Pour ce qui regarde ces 9 nouvelles, et la préface subtile de Bruce Sterling, six sont de Gibson seul, 3 en collaboration avec J. Shirley, Bruce Sterling, Michel Swanwick : rien que du beau monde, pour le même prix vous avez toutes les nouvelles écrites par Gibson (moins une à paraître dans une anthologie compilée par Sterling en Denoël, où Sterling a publié deux romans). Mais c'est l'univers de Gibson qui persiste, malgré les apports étrangers. Ces nouvelles sont des fragments de l'univers qu'il a déployé dans les romans cités plus haut : l'univers melting pot de la culture des jungles modernes américaines, avec son argot et son ultrarapidité, l'obsolescence du langage impose qu'on soit toujours branché sur le dernier mot lancé — le code change vite.
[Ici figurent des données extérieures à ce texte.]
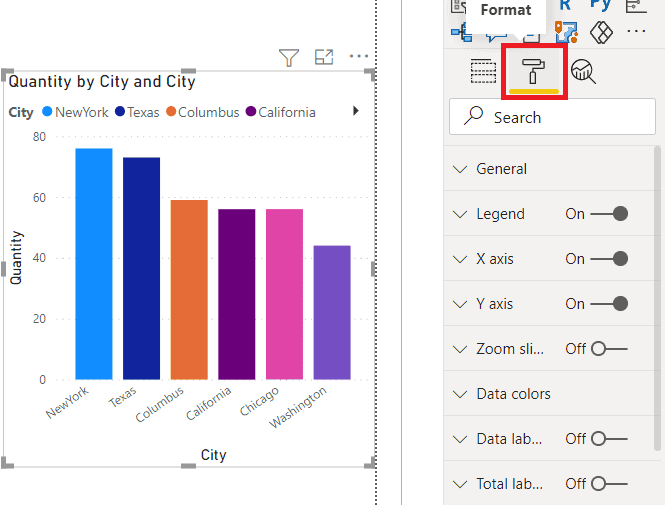 format color and styles of stacked bar chart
Avec, aussi, la pénétration dans le quotidien, du jargon de l'information en termes de hard et de software : on sent que le trésor ce n'est plus le coffre plein d'or ou la Princesse, c'est la puce. Voir Demain les puces in Denoël, mais chez Gibson c'est déjà aujourd'hui, avec ses hommes réservoirs d'info qu'ils ne peuvent atteindre, qui doivent se donner à décoder etc. : un univers à la Brussolo dans un langage totalement différent. Car ce mélange doit passer par une langue à la fois travaillée et familière : une brisure active, il en reste encore un goût de lourd métal sur la langue, des accompagnements de sons étranges, venus des groupes les plus fous. Non, je ne raconterai pas ces nouvelles. Elles sont toutes à lire, nous renvoyant à un monde social curieux pour la SF, proche de ce qu'on trouvait dans le polar, avec ses zones, ses paumés, ses disproportions entre le fric des uns et le néant des autres, sans dimension d'avenir : un éternel présent qui se répète dans des décors qui changent. Des scènes à la Chester Himes dans les dépotoirs d'astroports pourris tels que Ballard aurait pu les rêver. Mais nous sommes dans un présent fou plus que dans un avenir extrapolé. Mais ici comme ailleurs, c'est l'image d'une situation de folie ordinaire que nous renvoie le miroir du futur. La nouvelle qui donne son titre au recueil figure en dernier. Lisez-la en dernier. C'est un point d'orgue.